A boilermaker is about as simple as a cocktail gets. Traditionally, a boilermaker is defined as a shot of liquor, usually whiskey, served alongside or sometimes in a beer. It remains a very popular drink, thanks in part to the infinite pairing possibilities between whiskey and beer styles.
Some suggest the drink gets its name from its popularity among literal boilermakers, the 19th-century tradesmen who fabricated iron boilers for steamships and steam locomotives. As the legend goes, to cap off a day of work, they would ask for a beer and a shot of whiskey at their neighborhood bars.
The practice persisted for generations and is still a post-work happy hour favorite today, even if some modern drinkers are apt to ask for a beer and a shot, rather than call the cocktail by its name.
How to Serve a Boilermaker
Many bars will serve a can, bottle or draft beer alongside a shot glass of whiskey. Some people will shoot their liquor before chasing it with the beer. Others will slowly sip the two beverages side by side.
What most modern bartenders generally don’t suggest, however, is dropping a shot of whiskey into a beer and chugging it.
“I’m a grown-up and I serve grown-ups,” says Michael Neff, bar director at Bar Loretta in San Antonio, Texas. “I wouldn’t serve it that way even if someone asked.”
Your goal, instead, should be to enjoy and savor the pairing, he says.
“It’s easy. It’s delicious. And you have thousands of possibilities that you can combine.
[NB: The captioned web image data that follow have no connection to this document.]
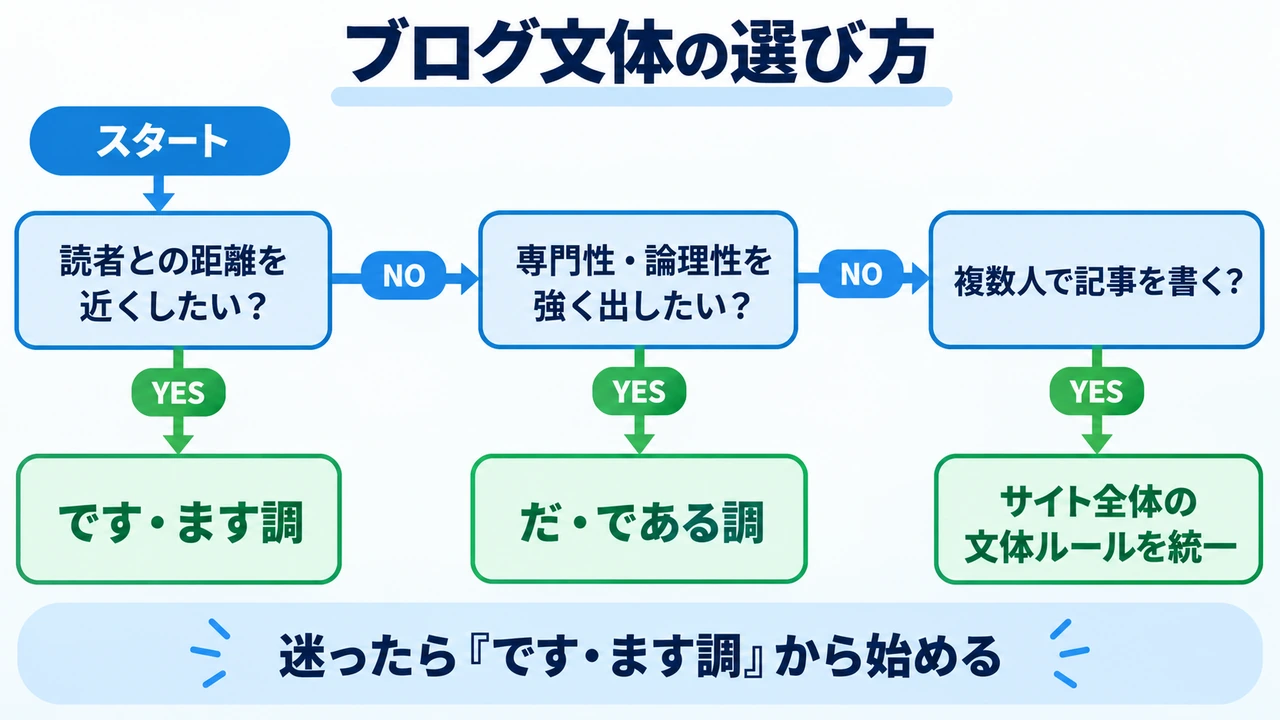 ブログの文体を読者や目的から選ぶフローチャート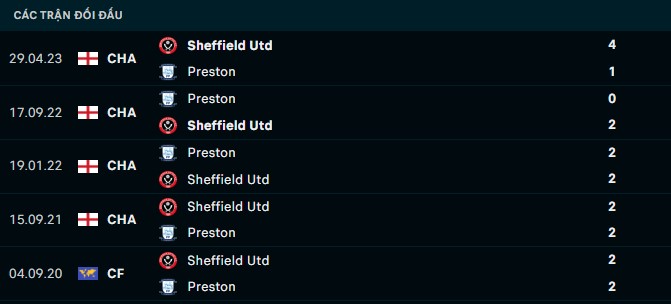 Thành tích đối đầu Preston vs Sheffield Utd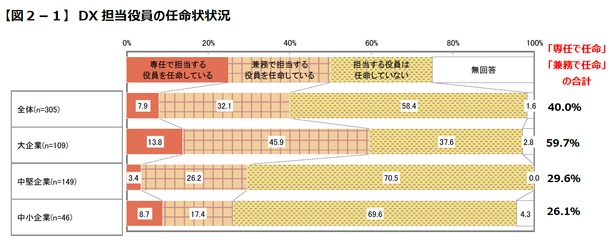 DX担当役員・部署を設けている企業はおよそ4割
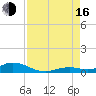 Lower Matecumbe Key tide chart for Saturday, August 16, 2025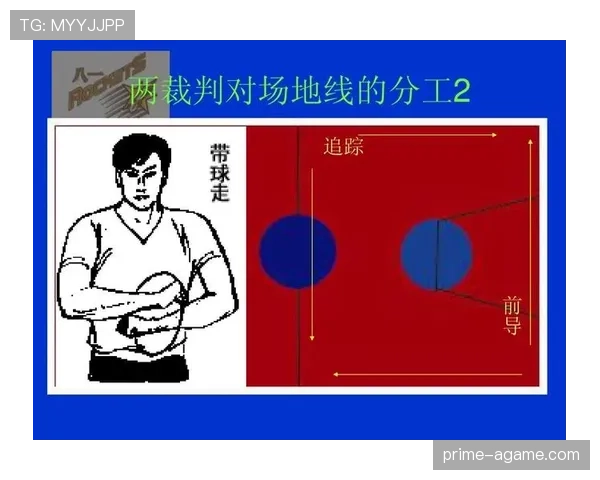 篮球裁判对于身体接触容忍度的规则解析与判罚标准说明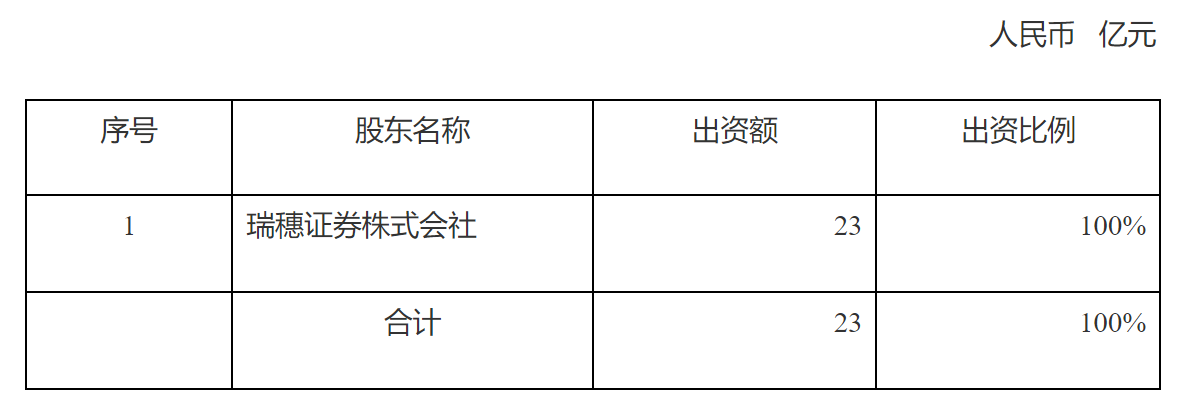 关于核准设立瑞穗证券（中国）有限公司的批复-1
There’s always been a great resonance between whiskey and beer, and the boilermaker highlights that,” says Neff.
If you really want to mix the two, ask for an empty glass to create your own combination. This is standard practice at London Underground in Ames, Iowa, where bartenders serve boilermakers with an empty glass for this very purpose, says Darian Everding, the bar’s product and talent development specialist.
Popular Boilermaker Combinations
Boilermaker combinations are endless. You can either strive to complement similar flavor notes of your beer and liquor, or contrast or cut them with tried-and-true flavor combinations like sweet plus sour, says Timo Torner, founder at Cocktail Society, a digital cocktail community.
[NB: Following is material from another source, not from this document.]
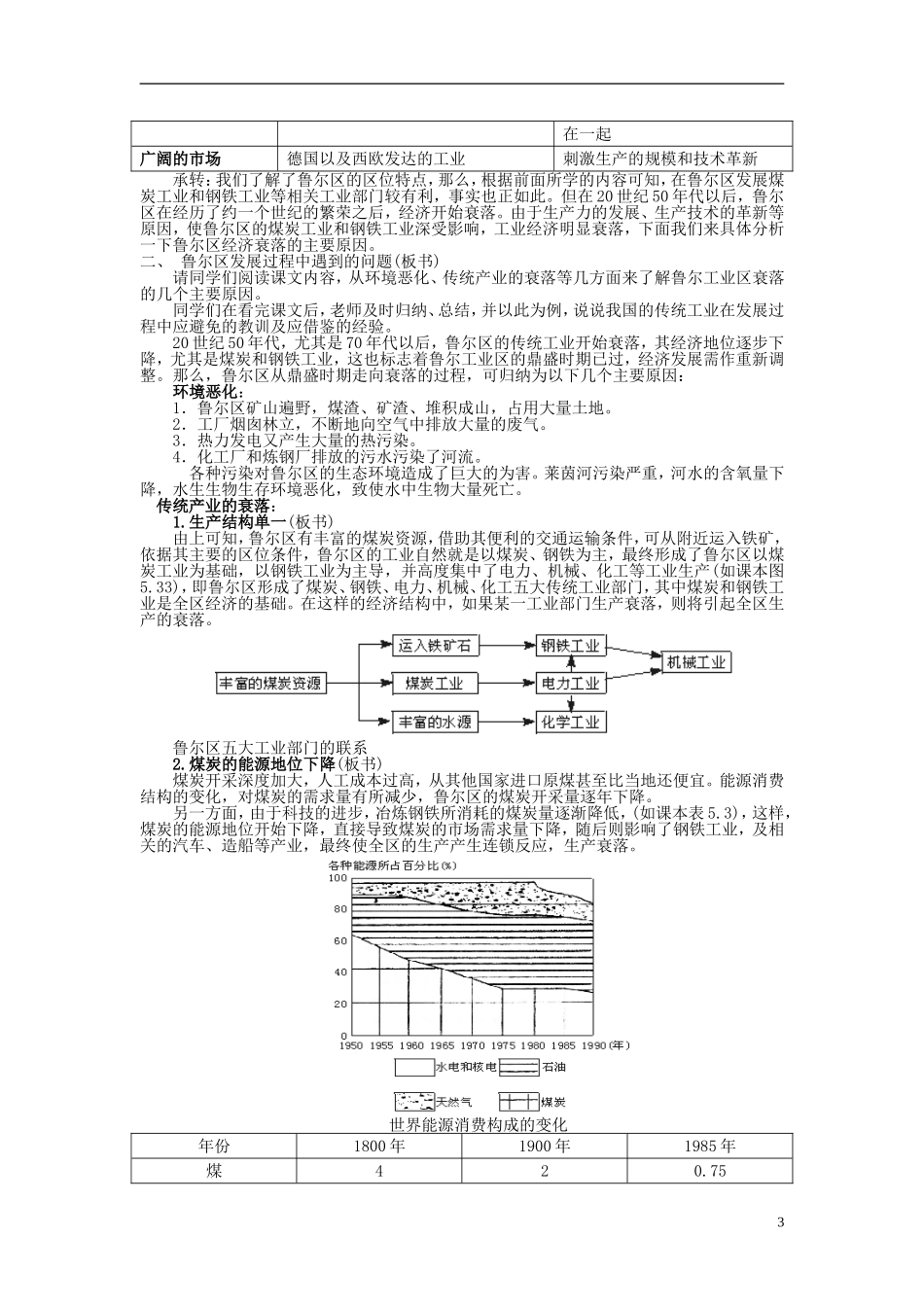 高中地理 2.5《矿产资源合理开发与区域可持续发展-以德国鲁尔区为例》教案3 湘教版必修3_第3页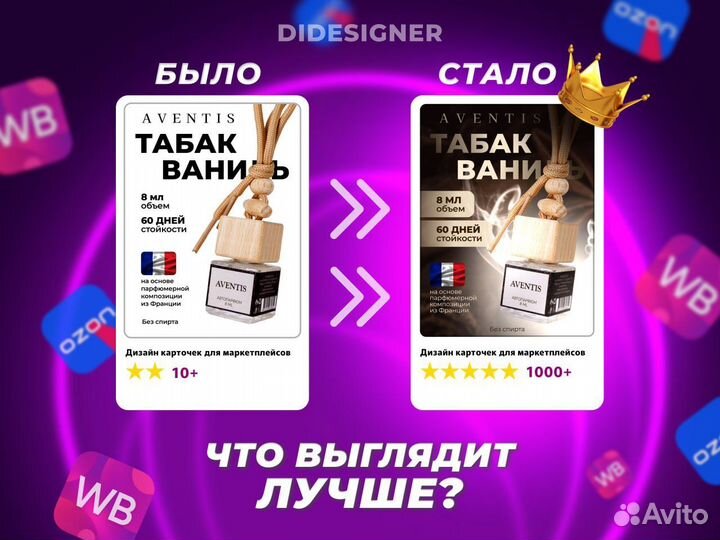 Инфографика для маркетплейсов/ карточки товаров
Your boilermaker can also be as affordable or top shelf as you want it.
“Good bartenders are going to steer people toward enjoying a really good whiskey and a really well-crafted beer,” says Colin Asare-Appiah, trade director for multicultural and LGBTQ+ advocacy for Bacardi and co-author of Black Mixcellence: A Comprehensive Guide to Black Mixology. He likes to pair a Guinness barrel-aged stout with a shot of either Angel’s Envy or Basil Hayden whiskey.
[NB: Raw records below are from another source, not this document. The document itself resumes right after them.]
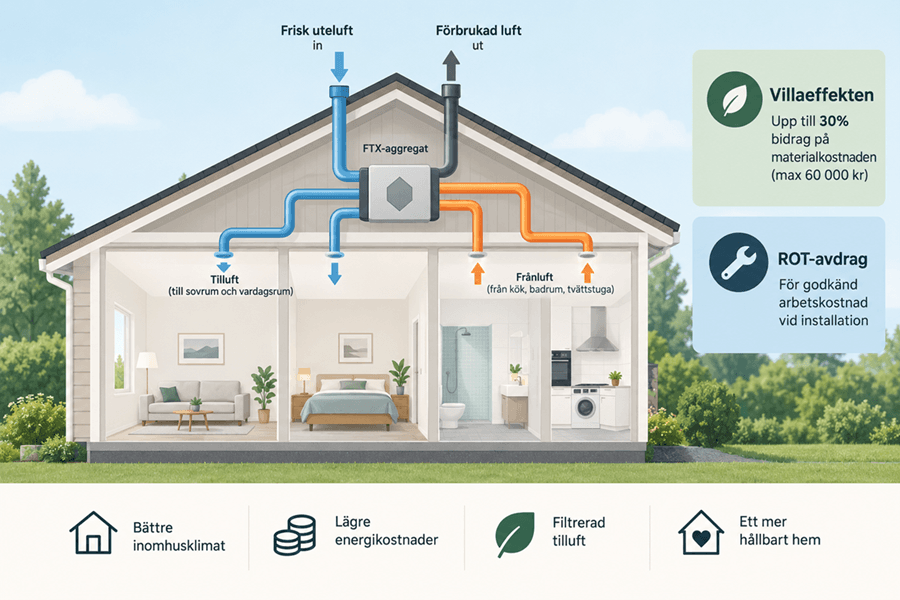 Villaeffekten 2026: Så fungerar bidraget för energieffektivisering
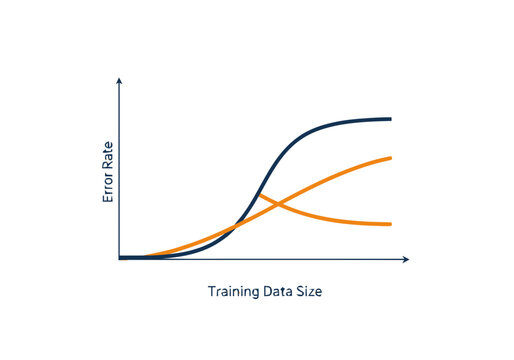 Machine Learning Bias-Variance Tradeoff Learning Curve Graph Illustrating Error Rate vs Training Data Size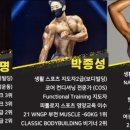 핏타운 - 영등포구 영등포로 59 | 핏타운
Guinness’ original stout is a popular choice for boilermakers. Neff likes to pair his with Slane Irish Whiskey, while Torner prefers it alongside Eagle Rare 10.
Other boilermakers Torner suggests are Lagavulin 16 with Feral Smoked Porter, Teeling Small Batch Whiskey with Coopers Pale Ale, GlenDronach 12 with Gaffel Kolsch, Jameson with Berliner Kindl Weisse Raspberry and, for a democratic option, Wild Turkey 101 with Blue Moon Belgian White.
Looking to create a boilermaker with a macro lager? Neff likes Jack Daniel’s with a Miller High Life or Widow Jane 10 with Miller Lite, while Everding prefers Wild Turkey 101 with Miller High Life.
If you ask for a bartender’s favorite boilermaker combination, you may get to learn about great local breweries or spirits you’ve never heard of before.
“Be experimental, play with things,” says Everding. Some of her favorite beer-and-whiskey boilermakers are Glenmorangie Nectar d’Or with Exile Brewing Company’s Ruthie Lager, Cedar Ridge Iowa Bourbon with Peace Tree Blonde Fatale and Basil Hayden Dark Rye with Samuel Smith Organic Chocolate Stout.
Boilermakers Without Whiskey
Don’t feel limited to whiskey and beer, either. Everding especially enjoys pairing cinnamon whiskey with hard ciders.
“Cognac is my favorite spirit, and I’m always trying to find ways to pair it with things,” says Jesse Cyr, beverage director at the Fairmont Olympic Hotel in Seattle and its speakeasy, Founders Club. “Most Cognacs have some level of complex fruit aromas to them, which works well with the rich and creamy flavors of a lot of porters. What’s not to love about pairing fruit with chocolate? It’s a great combination.”
Cyr also sometimes likes to sip a shot of mezcal alongside a gose or sour beer.
“This style of beer lends itself well to mezcal,” he says. “The smoke and minerality really gets emphasized by the acid, and there’s usually a bit of a saline element in the beer which really makes all the tasty mezcal flavors pop. This dream combo is reminiscent of a mezcal margarita.”